System Acceptance Testing is a highly effective control for understanding the overall quality of an LLM-based application. While the system is under development it quantifies quality, allowing for more effective and efficient development. And when the system becomes ready for production it allows risks to be quantified.
Available Tools and Frameworks
- GitHub - openai/evals: Evals is a framework for evaluating LLMs and LLM systems, and an open-source registry of benchmarks.
- Evaluation / 🦜️🔗 LangChain
- Promptfoo
- Inspect
Importance and Benefits for Financial Institutions
- Reduces Operational and Reputational Risk: SAT is a key control to identify and mitigate risks that could arise from deploying an AI system that fails to meet business objectives, produces erroneous or biased outcomes, or violates regulatory obligations.

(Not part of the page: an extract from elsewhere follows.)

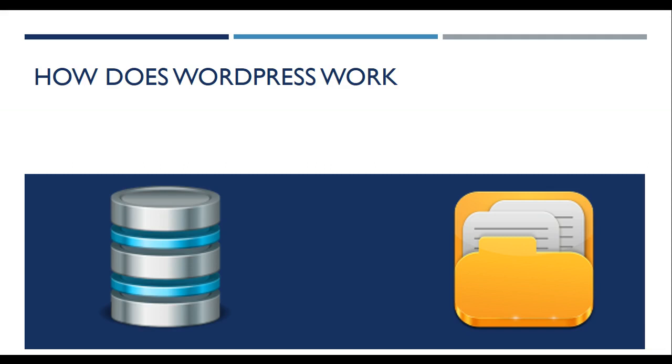If we want to migrate our website from one host to another host or one location to another location, we will need to move both these things: the files as well as the database. When we know we have to move these two things, we are good to go.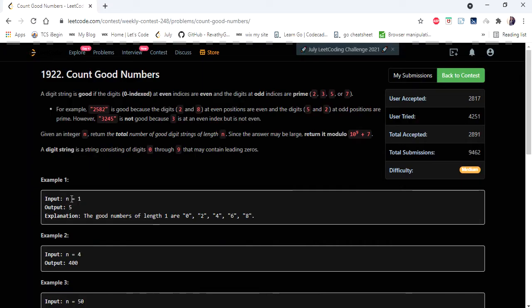Hello everyone! Welcome to CodersCamp. In this video we are going to cover one of the problems asked in LeetCode weekly contest 248, and the problem is Count Good Numbers.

- Ensures Fitness for Purpose and Value Delivery: Confirms that the AI system will function as expected in the live environment, thereby delivering the anticipated business value and supporting strategic goals.
- Builds User Confidence and Adoption: Involving users in the acceptance process fosters their trust in the system, leading to smoother adoption and more effective utilization.
- Strengthens Governance and Regulatory Compliance: Provides tangible, documented evidence that the AI system has been thoroughly vetted against predefined requirements before operational use, which is essential for internal governance and demonstrating due diligence to regulators.
- Prevents Costly Post-Deployment Failures: Identifying and rectifying issues during SAT, before the system goes live, is significantly more efficient and less costly than addressing them in a production environment where they could impact customers, operations, or market standing.